The entries are to be written out word for word, with their images left out.

Saved entries
- - - - -

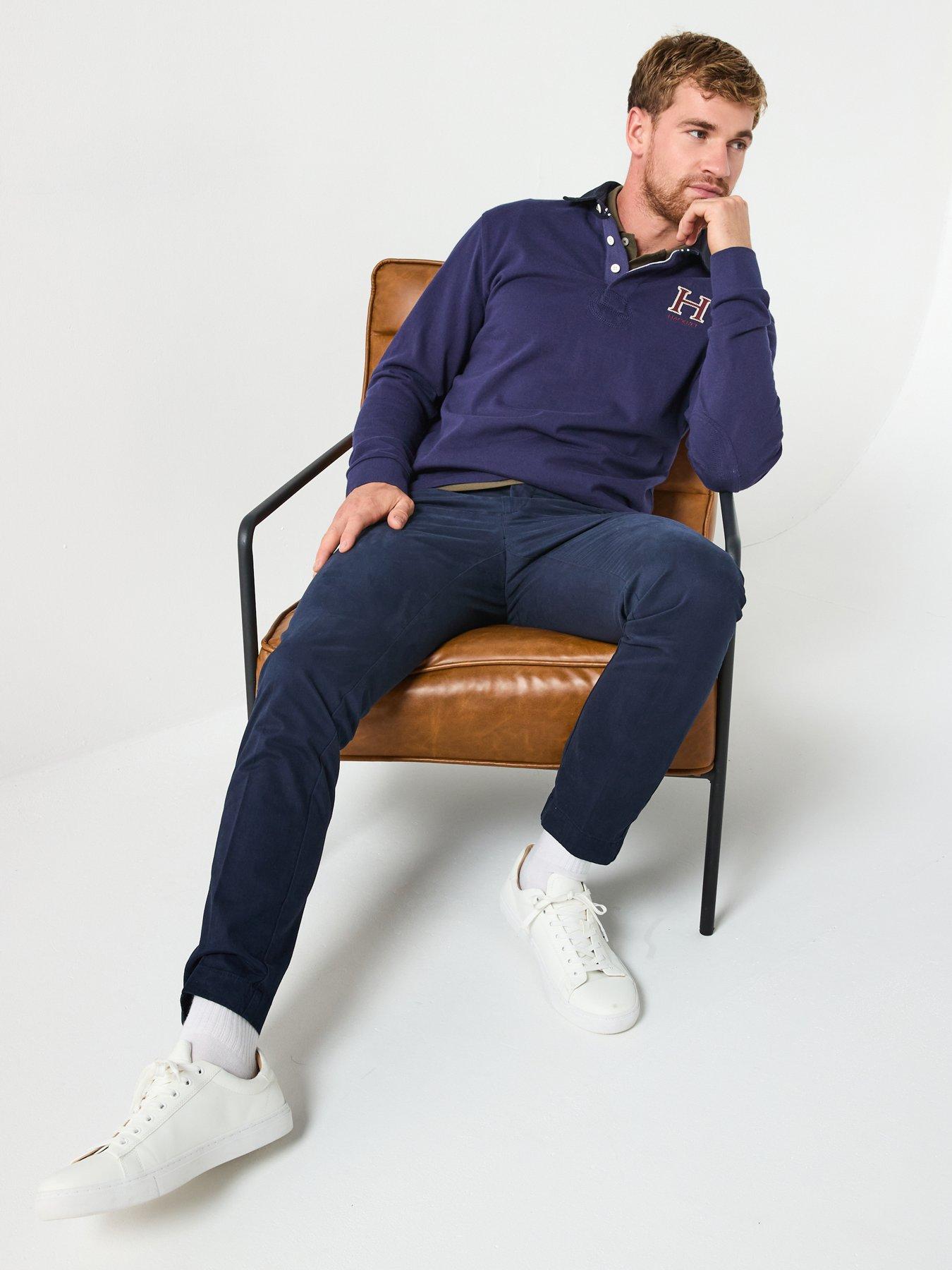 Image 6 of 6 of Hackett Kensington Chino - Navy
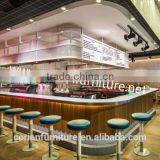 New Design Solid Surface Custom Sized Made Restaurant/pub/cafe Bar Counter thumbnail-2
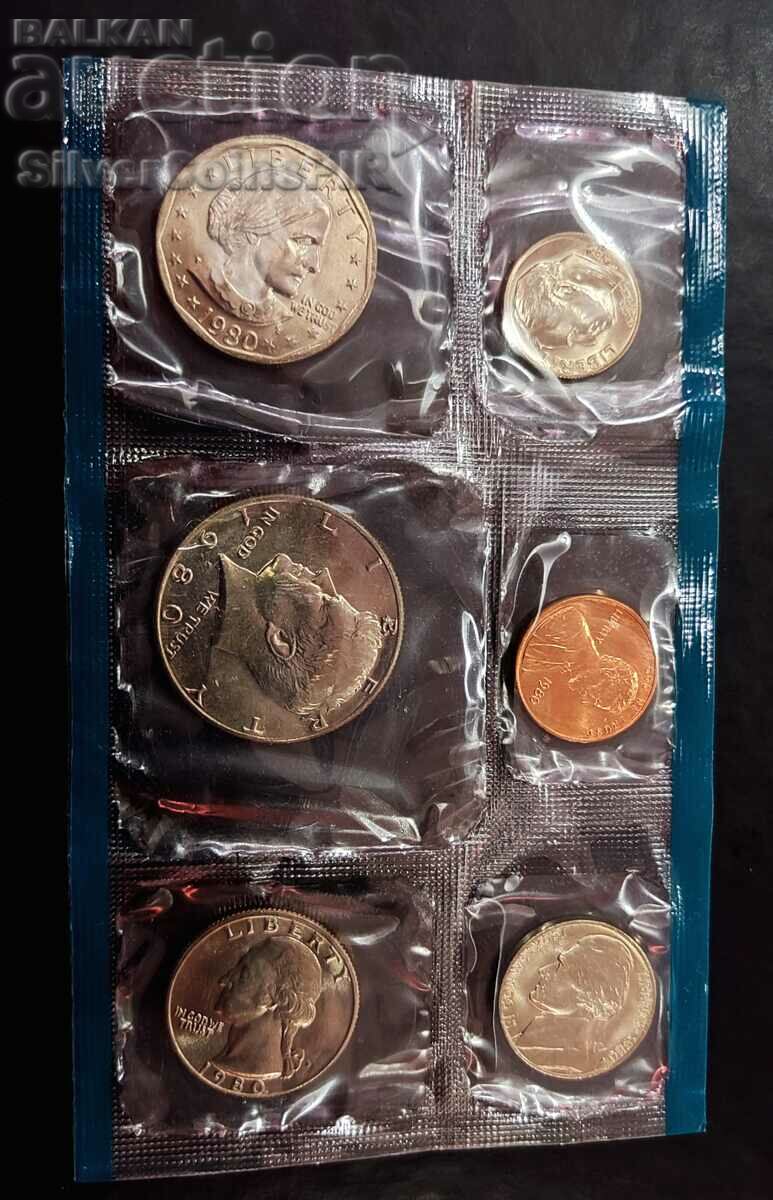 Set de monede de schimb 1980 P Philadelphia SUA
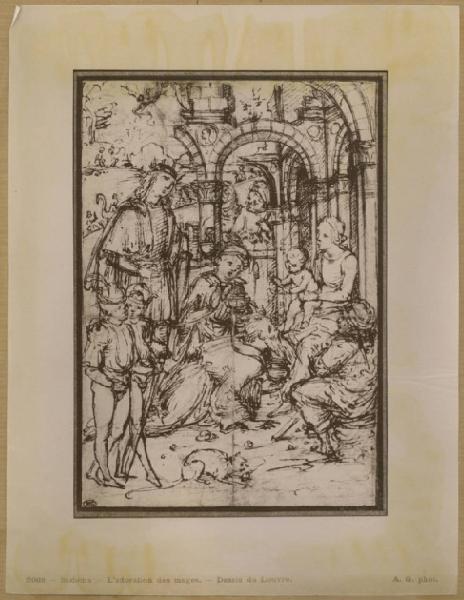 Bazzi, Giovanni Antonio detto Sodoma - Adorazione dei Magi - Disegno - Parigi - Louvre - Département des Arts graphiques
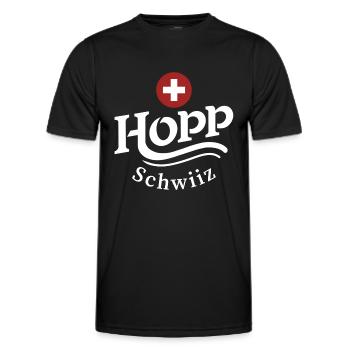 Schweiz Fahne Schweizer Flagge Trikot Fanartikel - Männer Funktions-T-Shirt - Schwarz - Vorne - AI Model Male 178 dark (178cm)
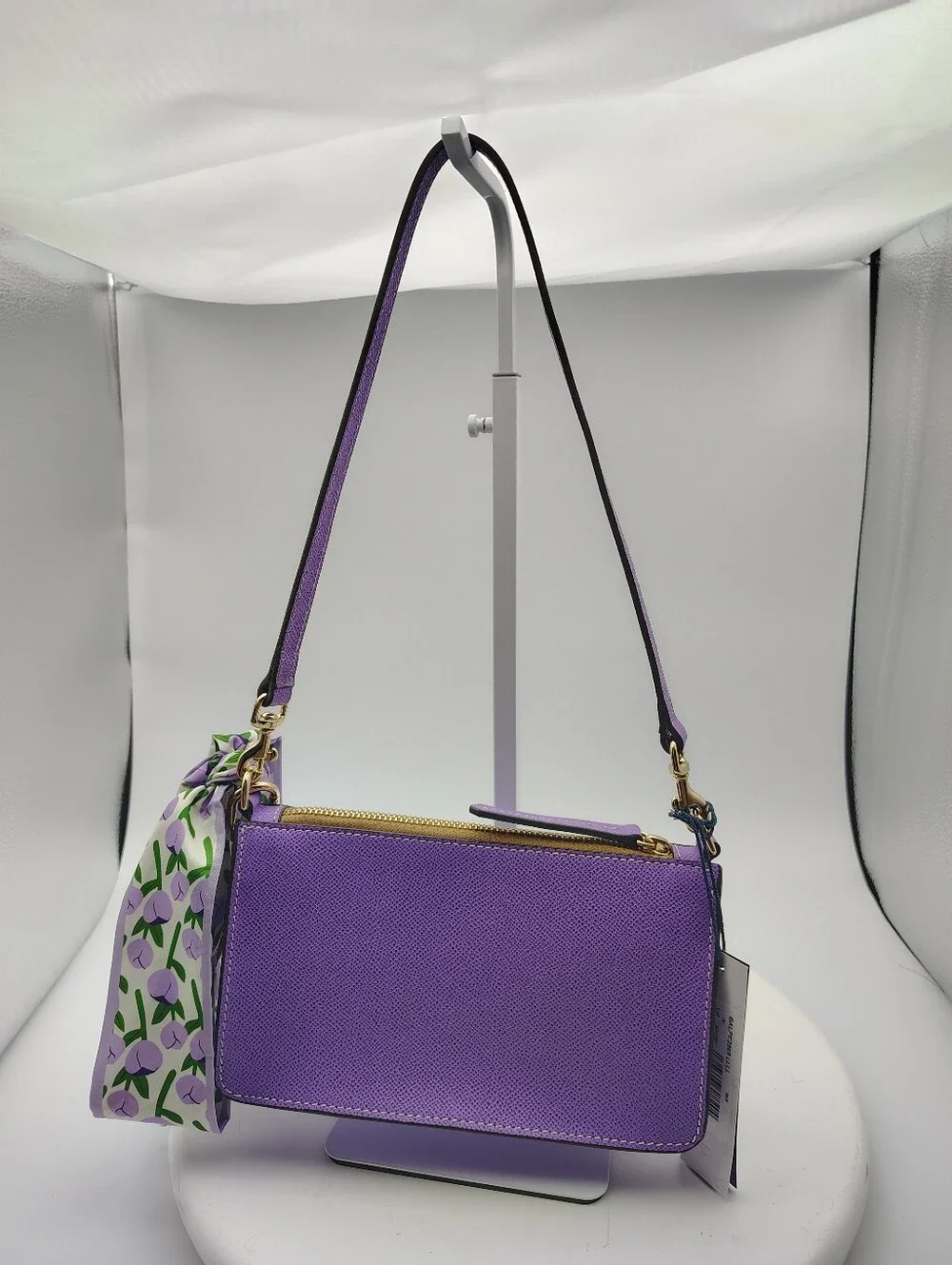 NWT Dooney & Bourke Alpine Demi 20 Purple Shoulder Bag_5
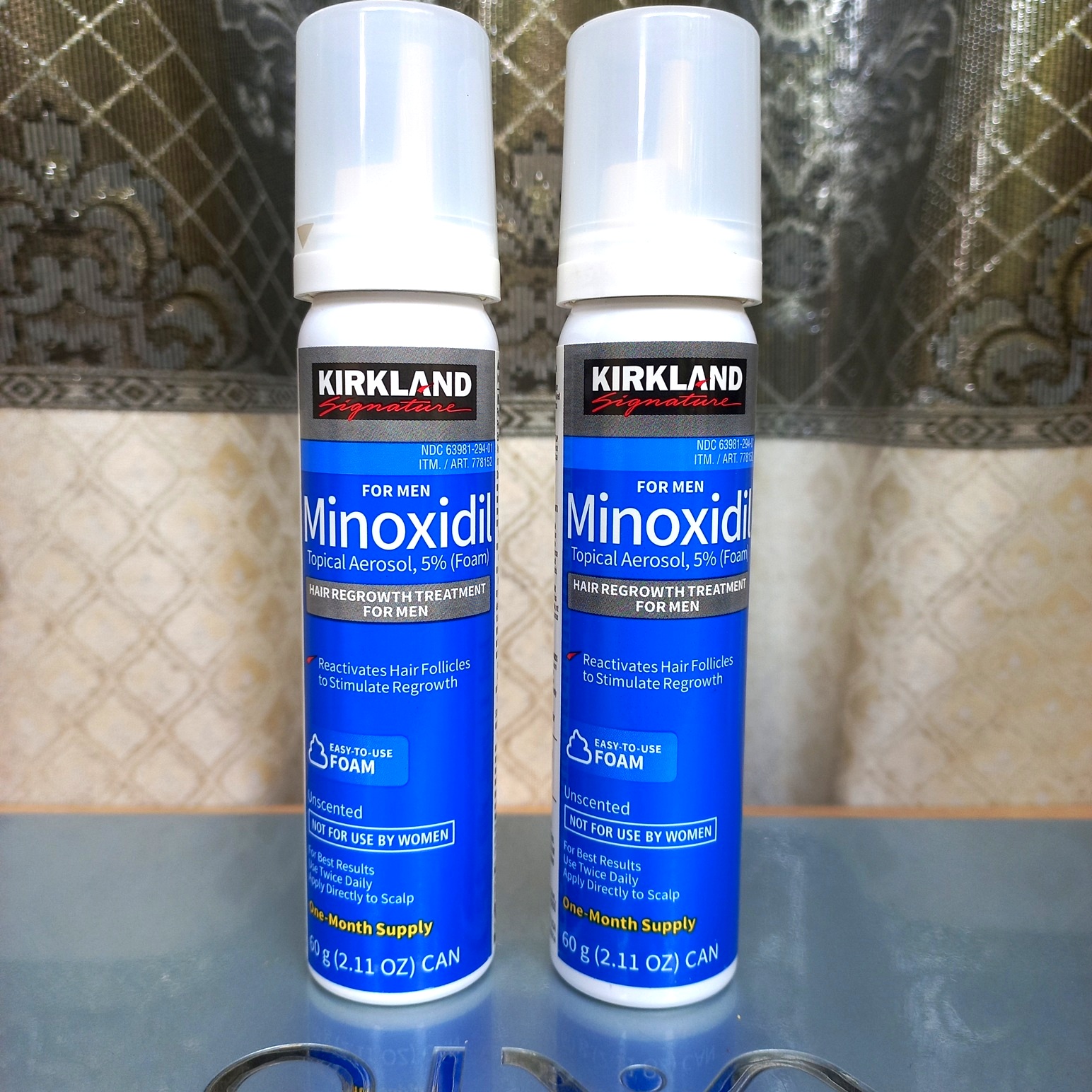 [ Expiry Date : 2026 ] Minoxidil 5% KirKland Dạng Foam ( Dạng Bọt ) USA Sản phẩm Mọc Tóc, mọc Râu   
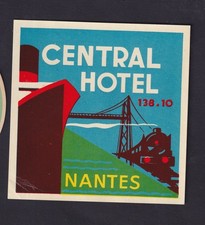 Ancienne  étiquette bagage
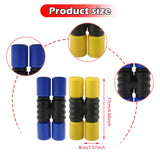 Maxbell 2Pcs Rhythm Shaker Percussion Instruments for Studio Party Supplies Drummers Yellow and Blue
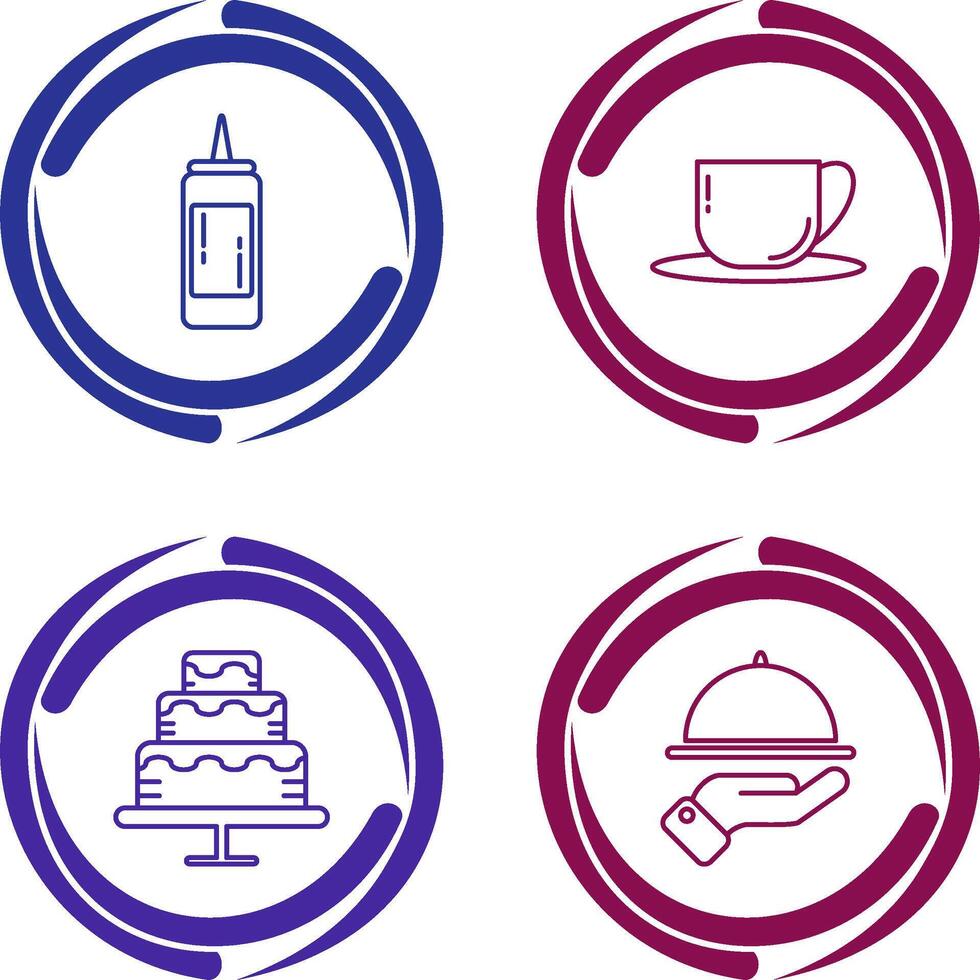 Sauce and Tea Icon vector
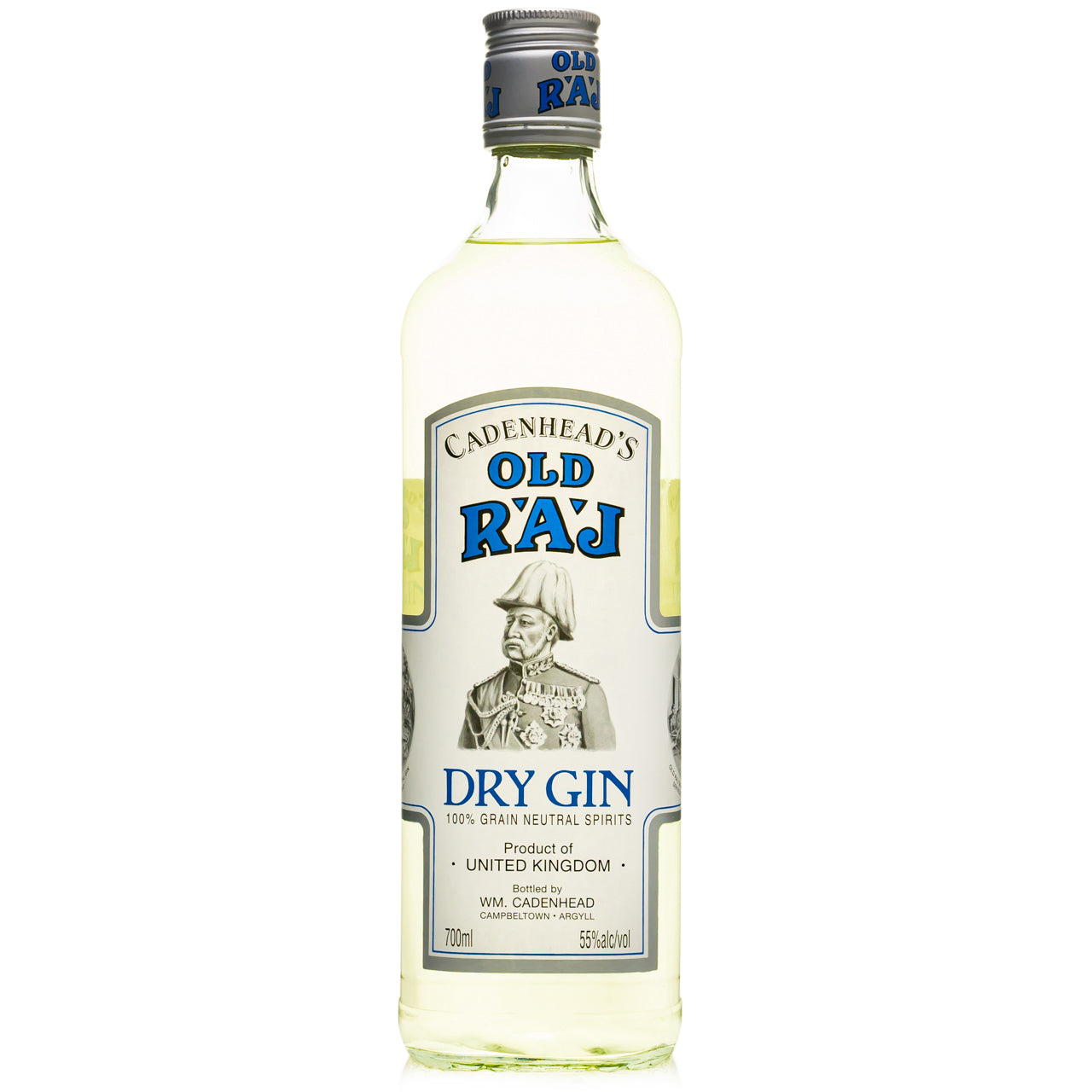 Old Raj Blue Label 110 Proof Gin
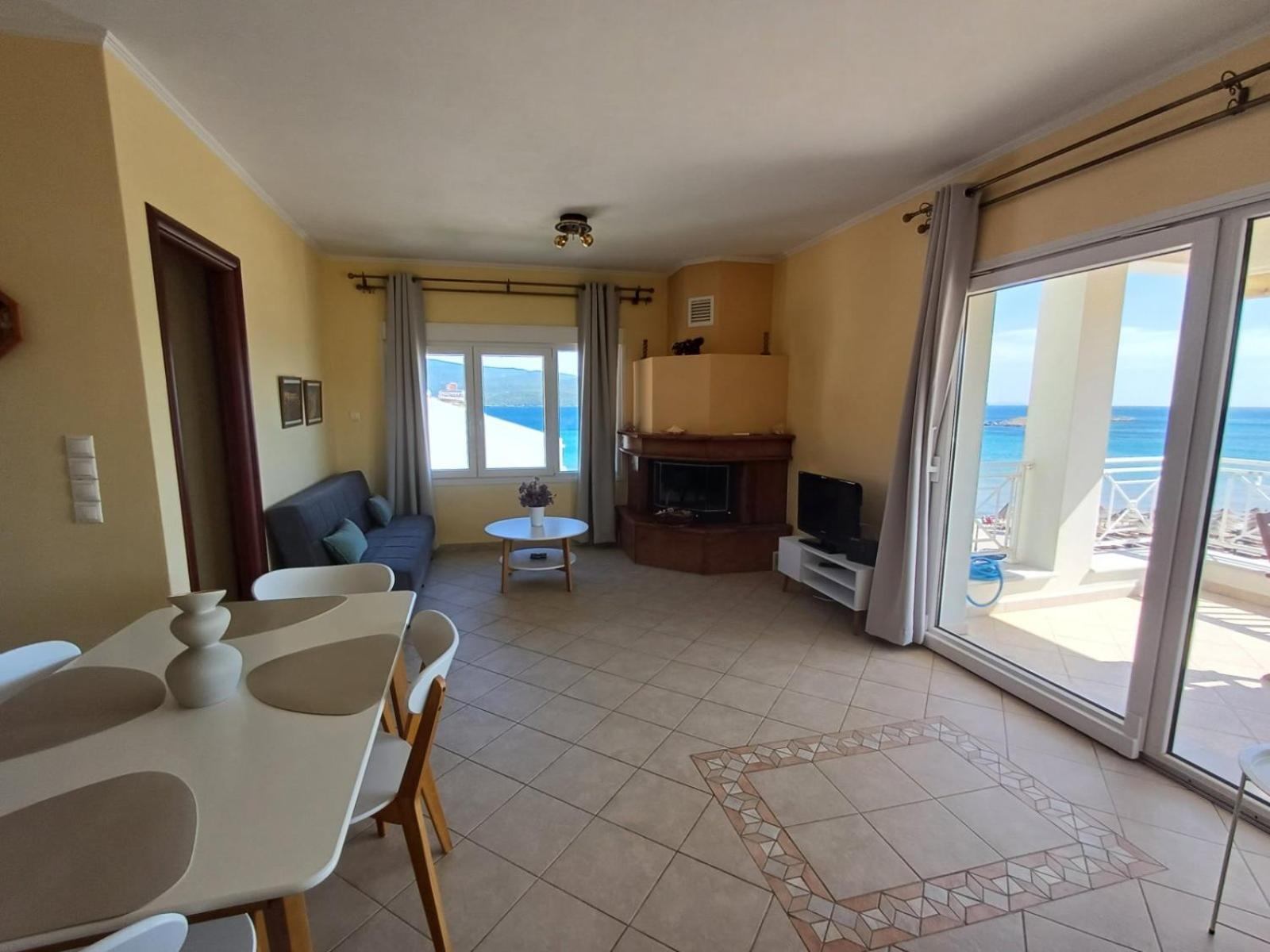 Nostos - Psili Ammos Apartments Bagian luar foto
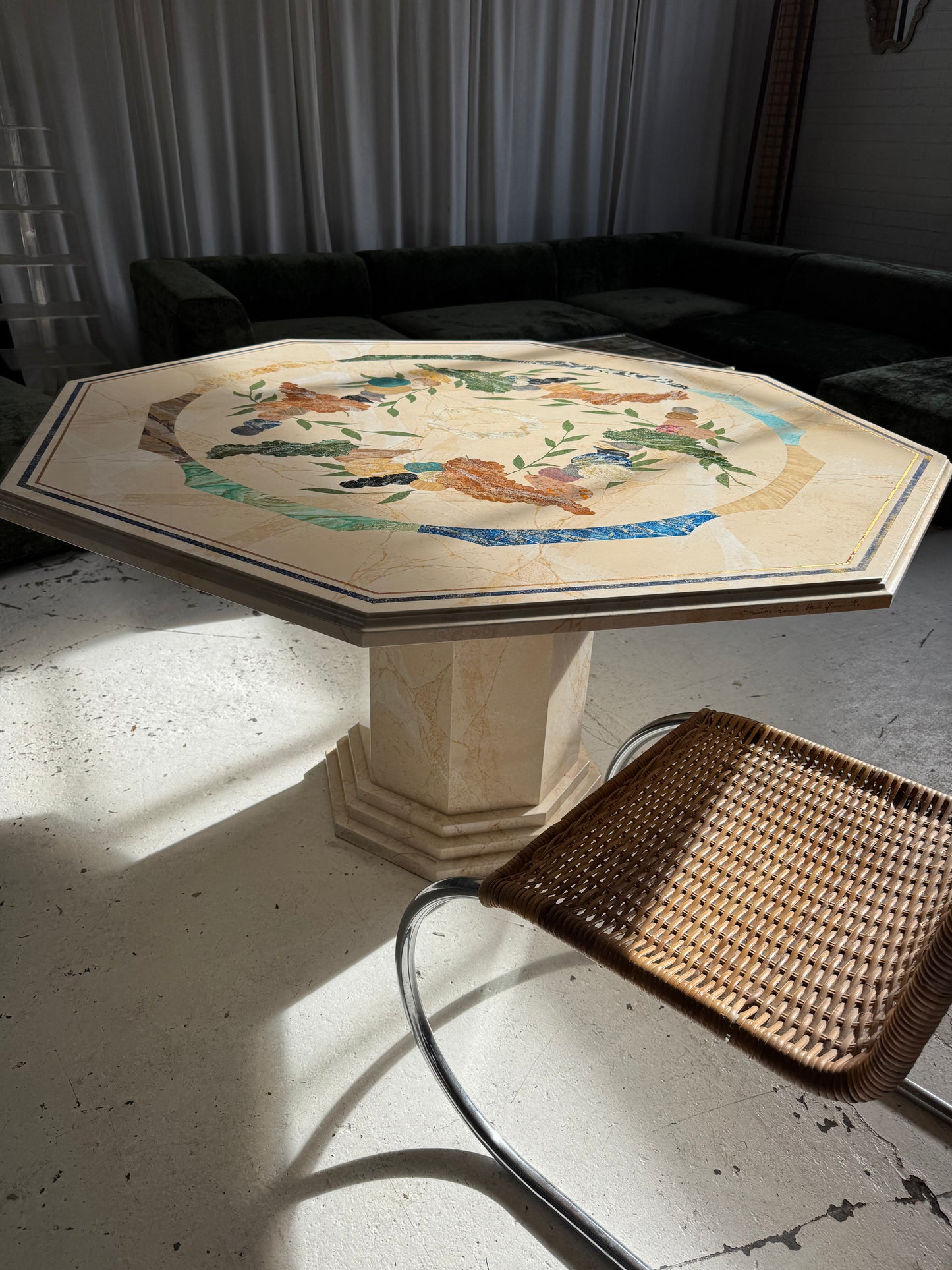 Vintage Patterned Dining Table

- - - - -

THE COMPLETED TASK:
 Image 6 of 6 of Hackett Kensington Chino - Navy
 New Design Solid Surface Custom Sized Made Restaurant/pub/cafe Bar Counter thumbnail-2
 Set de monede de schimb 1980 P Philadelphia SUA
 Bazzi, Giovanni Antonio detto Sodoma - Adorazione dei Magi - Disegno - Parigi - Louvre - Département des Arts graphiques
 Schweiz Fahne Schweizer Flagge Trikot Fanartikel - Männer Funktions-T-Shirt - Schwarz - Vorne - AI Model Male 178 dark (178cm)
 NWT Dooney & Bourke Alpine Demi 20 Purple Shoulder Bag_5
 [ Expiry Date : 2026 ] Minoxidil 5% KirKland Dạng Foam ( Dạng Bọt ) USA Sản phẩm Mọc Tóc, mọc Râu   
 Ancienne  étiquette bagage
 Maxbell 2Pcs Rhythm Shaker Percussion Instruments for Studio Party Supplies Drummers Yellow and Blue
 Sauce and Tea Icon vector
 Old Raj Blue Label 110 Proof Gin
 Nostos - Psili Ammos Apartments Bagian luar foto
 Vintage Patterned Dining Table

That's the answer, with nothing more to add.